__Problem requirements__
Retype every line from the top of the entries down to the one with "PEACE – Psychedelic", both included, and skip the pictures.

__Pictures with short captions__
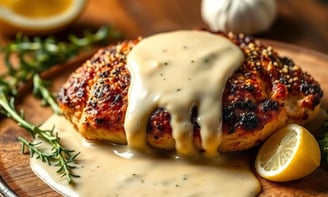 Parmesan Crusted Chicken with Creamy Garlic Sauce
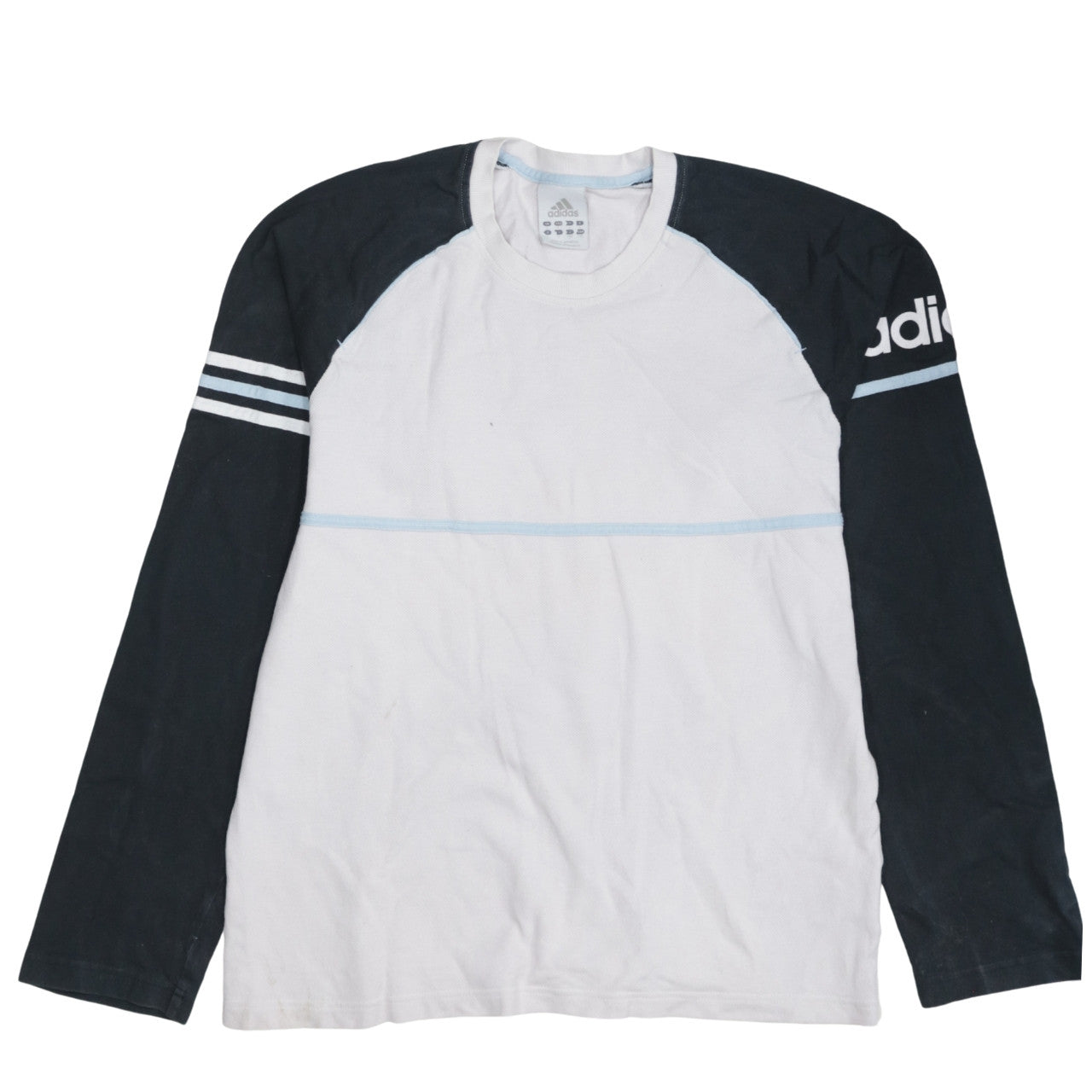 Adidas Men’s White Black Long Sleeve Crew Neck Sports Top L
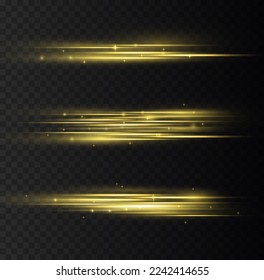 Golden special effect, speed line. Particle motion effect. Magic of moving fast lines. Beautiful glow gold light flare and spark dust. Laser beams, horizontal yellow light rays. Vector illustration.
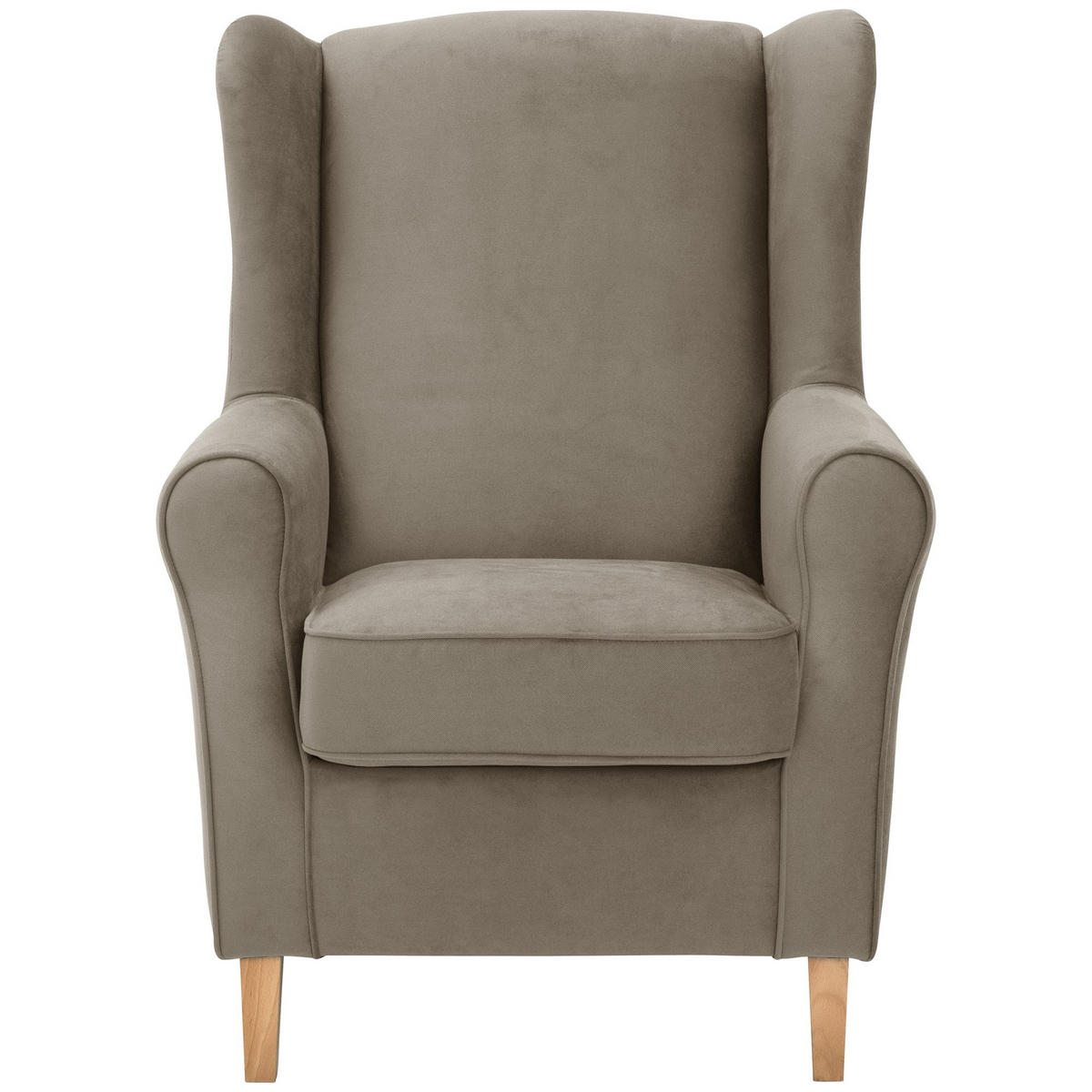 OHRENBACKENSESSEL Karlen Flachgewebe hellbraun - Hellbraun, Kunststoff (77/103/86cm) - 58aufmkessel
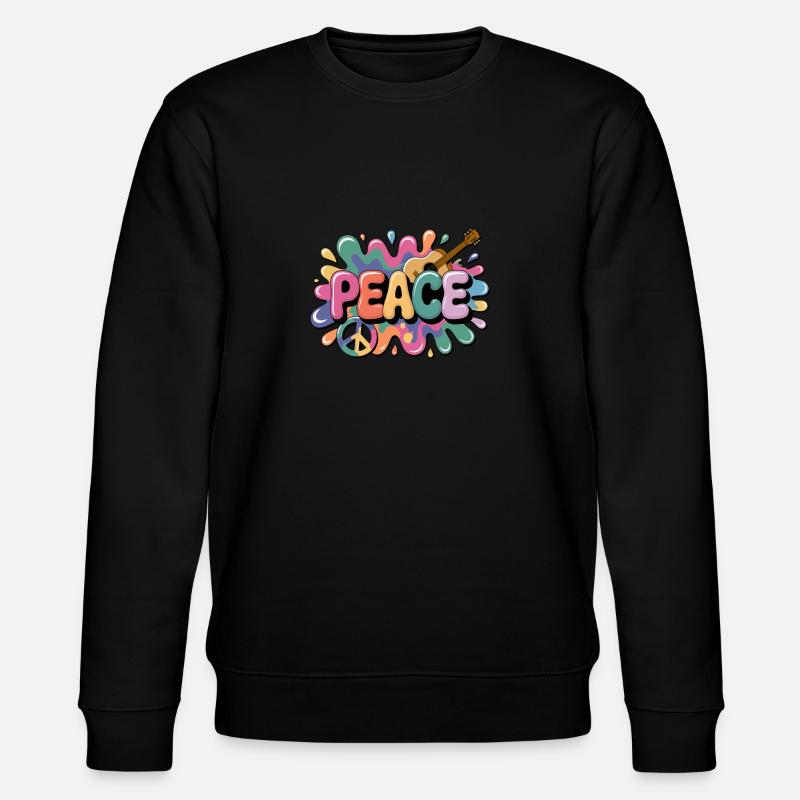 PEACE – Psychedelic - Stanley/Stella CHANGER Unisex Organic Sweatshirt - black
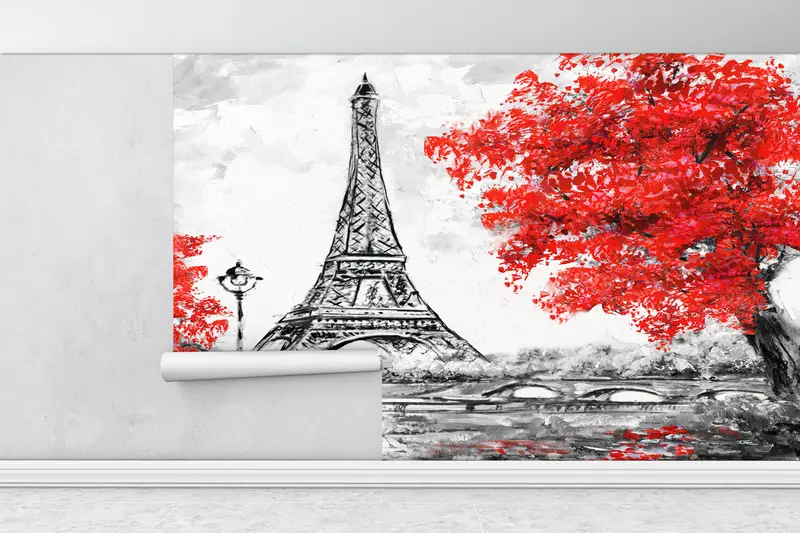 Red Leaves Wall Paper, Paris Wall Decor, Landmark Wallpaper, France Wallpaper, Red Tree Wall Mural, Travel Mural, City Mural, - 5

__Task result__
 Parmesan Crusted Chicken with Creamy Garlic Sauce
 Adidas Men’s White Black Long Sleeve Crew Neck Sports Top L
 Golden special effect, speed line. Particle motion effect. Magic of moving fast lines. Beautiful glow gold light flare and spark dust. Laser beams, horizontal yellow light rays. Vector illustration.
 OHRENBACKENSESSEL Karlen Flachgewebe hellbraun - Hellbraun, Kunststoff (77/103/86cm) - 58aufmkessel
 PEACE – Psychedelic - Stanley/Stella CHANGER Unisex Organic Sweatshirt - black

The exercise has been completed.